WORK ITEM: Please repeat the entries below exactly as written, leaving out any images.

Records excerpted from a collection

=======

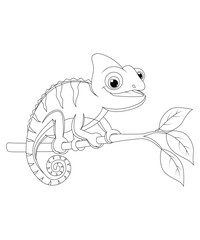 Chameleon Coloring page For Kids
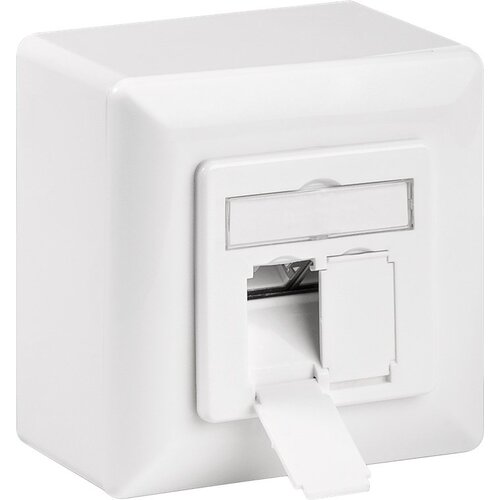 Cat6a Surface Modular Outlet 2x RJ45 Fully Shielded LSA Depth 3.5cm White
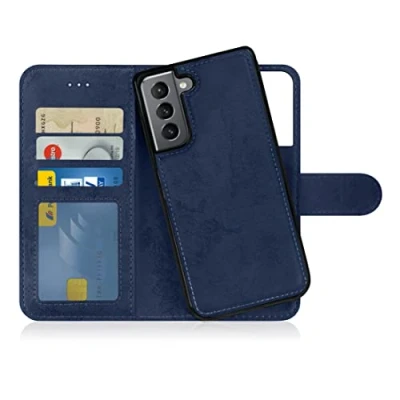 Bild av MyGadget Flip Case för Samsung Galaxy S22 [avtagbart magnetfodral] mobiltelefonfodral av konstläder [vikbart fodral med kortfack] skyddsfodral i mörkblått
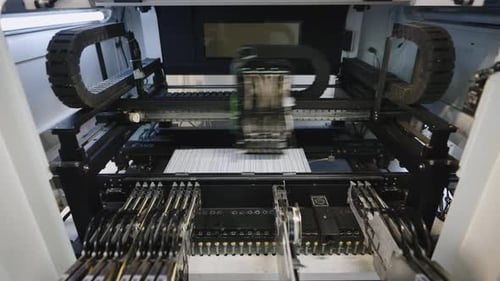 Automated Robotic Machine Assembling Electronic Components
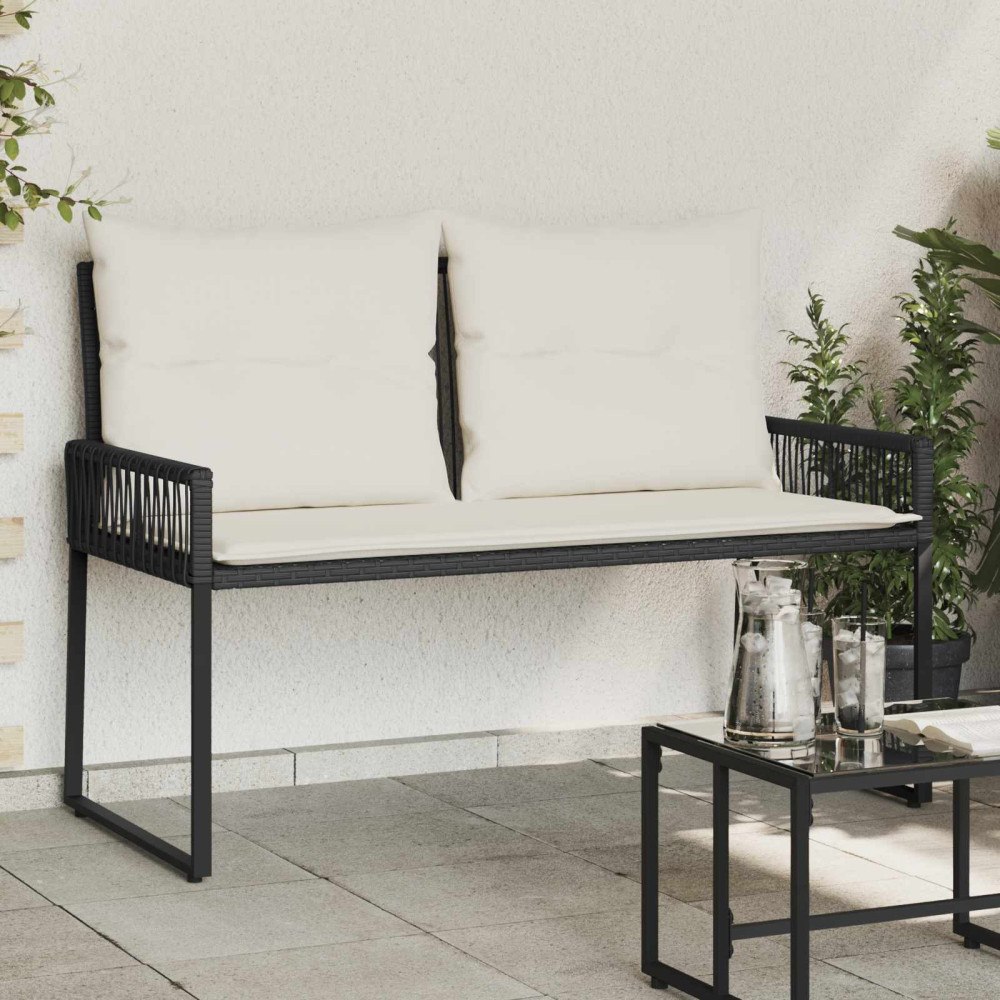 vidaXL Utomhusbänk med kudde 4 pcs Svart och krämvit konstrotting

=======

RESPONSE TO THIS EXERCISE:
 Chameleon Coloring page For Kids
 Cat6a Surface Modular Outlet 2x RJ45 Fully Shielded LSA Depth 3.5cm White
 Bild av MyGadget Flip Case för Samsung Galaxy S22 [avtagbart magnetfodral] mobiltelefonfodral av konstläder [vikbart fodral med kortfack] skyddsfodral i mörkblått
 Automated Robotic Machine Assembling Electronic Components
 vidaXL Utomhusbänk med kudde 4 pcs Svart och krämvit konstrotting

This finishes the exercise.